Sharjah’s Government has no immediate plans to issue new sukuk, says the director of its debt management office.
“We will keep this as an option, but right now we don’t have the budgetary need or financial capacity for it,” said Tom Koczwara, a director of the emirate’s finance department, at the London Sukuk Summit on Wednesday.
Sharjah’s US$750 million sukuk issue last year, its first, deepened local capital markets, he said.
“The private market has become much more benign. Investors see that there’s a benchmark, and even though it is only a single data point, companies can extrapolate a hypothetical yield curve,” said Mr Koczwara.
Sharjah’s sukuk with a 10-year tenor drew more than 200 investors with orders worth $7.85 billion. The sukuk was more than 10 times oversubscribed.
Prior to its sukuk issue, Sharjah had financed its spending through informal bank facilities.
Its sukuk was given an A3 credit rating, an investment grade four notches above junk, from the credit ratings agency Moody’s last year.
Sharjah’s economy, with a significant small- and medium-sized manufacturing sector, is more diversified than other emirates and Arabian Gulf states, according to Moody’s.
It is a net oil importer, which means that the slump in oil prices to about $63 a barrel from about $110 a barrel in the middle of last year should have a limited impact on Sharjah’s economy.
The emirate’s relatively stable fiscal position means it is unlikely to face an urgent short-term need for new financing.

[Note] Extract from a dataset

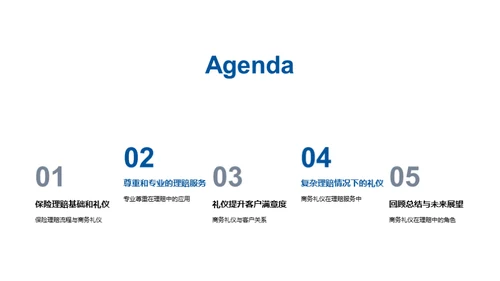 理赔礼仪与服务质量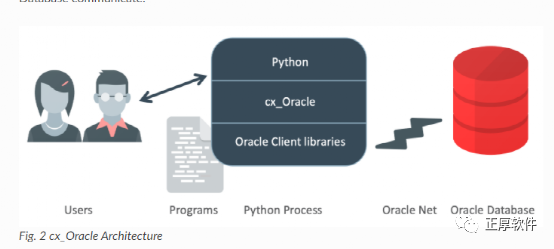 Python3.6連接Oracle 10G圖解指南三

Sharjah is expected to run a small budget deficit of 2.2 per cent of GDP, according to Moody’s, after the emirate raised its budgeted spending this year to Dh17.7bn, 12 per cent above the Dh15.4bn spent last year.
The emirate has outstanding debt of just under 10 per cent of GDP – below other emirates’ average of 26.2 per cent – which is low by global standards.
But Moody’s said the Sharjah Electricity and Water Authority’s financial health could significantly affect this year’s budget deficit.
The authority holds as much debt as Sharjah’s Government and required financial aid from the state last year as energy costs rose.